** DATASET ENTRIES follows **

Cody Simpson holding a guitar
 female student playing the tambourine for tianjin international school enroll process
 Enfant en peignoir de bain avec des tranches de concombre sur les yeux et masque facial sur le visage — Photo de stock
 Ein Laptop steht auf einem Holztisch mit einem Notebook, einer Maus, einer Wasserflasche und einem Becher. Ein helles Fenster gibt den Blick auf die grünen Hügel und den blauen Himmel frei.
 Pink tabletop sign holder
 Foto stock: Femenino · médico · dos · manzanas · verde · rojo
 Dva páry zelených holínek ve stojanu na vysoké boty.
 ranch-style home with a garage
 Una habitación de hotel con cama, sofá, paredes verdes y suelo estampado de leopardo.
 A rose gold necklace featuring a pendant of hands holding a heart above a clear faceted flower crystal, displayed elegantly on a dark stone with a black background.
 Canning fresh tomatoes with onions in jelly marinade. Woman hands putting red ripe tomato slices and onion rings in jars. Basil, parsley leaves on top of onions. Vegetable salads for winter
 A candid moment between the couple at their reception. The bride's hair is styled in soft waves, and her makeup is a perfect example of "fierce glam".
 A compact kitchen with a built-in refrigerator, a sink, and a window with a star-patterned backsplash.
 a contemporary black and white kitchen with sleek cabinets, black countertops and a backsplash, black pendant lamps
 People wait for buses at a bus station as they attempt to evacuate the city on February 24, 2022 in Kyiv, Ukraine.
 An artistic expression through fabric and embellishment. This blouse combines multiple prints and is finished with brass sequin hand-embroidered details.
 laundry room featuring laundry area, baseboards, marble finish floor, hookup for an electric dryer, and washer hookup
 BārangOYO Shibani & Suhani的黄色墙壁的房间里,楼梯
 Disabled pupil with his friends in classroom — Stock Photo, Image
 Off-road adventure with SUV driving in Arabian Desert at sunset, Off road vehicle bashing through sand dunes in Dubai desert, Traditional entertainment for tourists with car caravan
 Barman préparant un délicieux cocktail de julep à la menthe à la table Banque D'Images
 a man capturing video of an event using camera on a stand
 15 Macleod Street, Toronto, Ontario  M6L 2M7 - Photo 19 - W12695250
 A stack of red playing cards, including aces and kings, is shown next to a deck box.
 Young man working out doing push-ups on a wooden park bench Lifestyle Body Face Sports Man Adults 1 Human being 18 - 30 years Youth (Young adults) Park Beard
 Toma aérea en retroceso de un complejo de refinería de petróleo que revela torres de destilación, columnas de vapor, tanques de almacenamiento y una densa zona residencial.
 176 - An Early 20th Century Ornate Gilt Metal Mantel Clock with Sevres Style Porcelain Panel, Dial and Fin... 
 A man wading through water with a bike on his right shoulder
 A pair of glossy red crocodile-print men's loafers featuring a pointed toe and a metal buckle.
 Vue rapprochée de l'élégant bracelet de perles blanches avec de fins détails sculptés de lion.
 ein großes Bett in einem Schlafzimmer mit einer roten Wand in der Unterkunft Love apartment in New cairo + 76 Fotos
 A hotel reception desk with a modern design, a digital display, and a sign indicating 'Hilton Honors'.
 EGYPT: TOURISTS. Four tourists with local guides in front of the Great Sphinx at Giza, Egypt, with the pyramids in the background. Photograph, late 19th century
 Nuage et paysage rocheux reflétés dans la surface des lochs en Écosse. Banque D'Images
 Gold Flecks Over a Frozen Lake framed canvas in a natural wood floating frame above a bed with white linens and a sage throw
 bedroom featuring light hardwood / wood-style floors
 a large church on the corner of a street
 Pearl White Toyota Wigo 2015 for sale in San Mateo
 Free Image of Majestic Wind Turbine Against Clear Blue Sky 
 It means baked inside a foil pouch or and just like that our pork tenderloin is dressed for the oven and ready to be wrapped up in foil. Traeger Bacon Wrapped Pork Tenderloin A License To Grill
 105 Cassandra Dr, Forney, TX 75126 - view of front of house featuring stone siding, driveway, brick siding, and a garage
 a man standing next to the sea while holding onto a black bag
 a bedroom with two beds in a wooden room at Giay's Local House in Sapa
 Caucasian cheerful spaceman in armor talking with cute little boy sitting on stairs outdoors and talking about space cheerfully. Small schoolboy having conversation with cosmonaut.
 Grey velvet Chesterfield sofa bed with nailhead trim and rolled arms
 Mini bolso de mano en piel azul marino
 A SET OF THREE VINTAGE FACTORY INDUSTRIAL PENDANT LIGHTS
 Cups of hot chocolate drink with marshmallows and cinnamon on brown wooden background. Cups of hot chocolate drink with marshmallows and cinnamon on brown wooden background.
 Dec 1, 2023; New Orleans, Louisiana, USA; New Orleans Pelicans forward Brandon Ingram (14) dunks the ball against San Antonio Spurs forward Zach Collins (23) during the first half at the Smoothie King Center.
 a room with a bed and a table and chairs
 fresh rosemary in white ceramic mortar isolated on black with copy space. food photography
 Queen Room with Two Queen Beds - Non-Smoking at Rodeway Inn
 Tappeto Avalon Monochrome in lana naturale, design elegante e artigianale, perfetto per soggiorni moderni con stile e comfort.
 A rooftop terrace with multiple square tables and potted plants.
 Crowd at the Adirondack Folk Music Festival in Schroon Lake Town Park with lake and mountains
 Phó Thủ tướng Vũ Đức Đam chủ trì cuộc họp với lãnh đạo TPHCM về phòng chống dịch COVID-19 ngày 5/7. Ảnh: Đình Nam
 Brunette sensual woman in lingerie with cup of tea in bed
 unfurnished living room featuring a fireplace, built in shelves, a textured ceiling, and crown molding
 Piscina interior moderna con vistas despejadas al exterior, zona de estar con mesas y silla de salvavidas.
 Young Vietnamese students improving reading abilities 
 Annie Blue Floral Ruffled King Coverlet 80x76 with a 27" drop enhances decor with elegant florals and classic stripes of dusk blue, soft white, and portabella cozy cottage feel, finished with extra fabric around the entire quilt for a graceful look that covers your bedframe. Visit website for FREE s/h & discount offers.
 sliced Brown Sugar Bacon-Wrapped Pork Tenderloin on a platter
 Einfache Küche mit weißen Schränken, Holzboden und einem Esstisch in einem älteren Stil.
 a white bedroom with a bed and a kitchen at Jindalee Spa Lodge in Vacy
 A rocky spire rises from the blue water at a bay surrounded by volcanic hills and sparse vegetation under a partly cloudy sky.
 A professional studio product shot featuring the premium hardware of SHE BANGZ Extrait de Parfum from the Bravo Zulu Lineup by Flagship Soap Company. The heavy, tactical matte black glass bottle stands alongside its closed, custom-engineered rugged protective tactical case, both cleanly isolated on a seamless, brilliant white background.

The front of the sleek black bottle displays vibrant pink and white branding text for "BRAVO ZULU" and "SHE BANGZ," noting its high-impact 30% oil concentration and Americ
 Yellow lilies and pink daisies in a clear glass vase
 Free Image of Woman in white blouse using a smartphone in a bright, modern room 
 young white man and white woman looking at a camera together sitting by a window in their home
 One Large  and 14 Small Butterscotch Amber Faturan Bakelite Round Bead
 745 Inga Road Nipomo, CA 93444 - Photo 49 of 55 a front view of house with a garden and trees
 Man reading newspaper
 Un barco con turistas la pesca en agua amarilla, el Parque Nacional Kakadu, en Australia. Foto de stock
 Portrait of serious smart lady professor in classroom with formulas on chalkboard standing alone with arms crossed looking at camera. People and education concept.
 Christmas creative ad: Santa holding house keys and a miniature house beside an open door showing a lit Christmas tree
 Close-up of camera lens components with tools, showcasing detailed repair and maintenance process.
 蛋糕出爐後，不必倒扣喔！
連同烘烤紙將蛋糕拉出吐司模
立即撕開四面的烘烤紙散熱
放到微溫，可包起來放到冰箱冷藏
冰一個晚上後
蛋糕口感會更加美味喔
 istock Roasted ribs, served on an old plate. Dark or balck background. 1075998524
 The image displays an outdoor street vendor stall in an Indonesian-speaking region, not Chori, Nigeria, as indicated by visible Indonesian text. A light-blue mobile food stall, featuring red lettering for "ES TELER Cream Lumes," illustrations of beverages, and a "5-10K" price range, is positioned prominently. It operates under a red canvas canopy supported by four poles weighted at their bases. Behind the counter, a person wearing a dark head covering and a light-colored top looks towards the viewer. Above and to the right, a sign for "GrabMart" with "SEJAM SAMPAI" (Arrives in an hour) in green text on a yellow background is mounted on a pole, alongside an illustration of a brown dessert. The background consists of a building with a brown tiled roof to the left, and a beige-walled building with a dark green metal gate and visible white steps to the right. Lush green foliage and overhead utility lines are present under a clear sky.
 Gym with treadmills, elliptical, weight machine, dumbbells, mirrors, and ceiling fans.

** End of DATASET ENTRIES **

■ **TO DO**: Would you copy out exactly the lines above that start at the one containing "A compact kitchen" and end at the one containing "People wait for", inclusive?

■ **FINAL ANSWER**:
 A compact kitchen with a built-in refrigerator, a sink, and a window with a star-patterned backsplash.
 a contemporary black and white kitchen with sleek cabinets, black countertops and a backsplash, black pendant lamps
 People wait for buses at a bus station as they attempt to evacuate the city on February 24, 2022 in Kyiv, Ukraine.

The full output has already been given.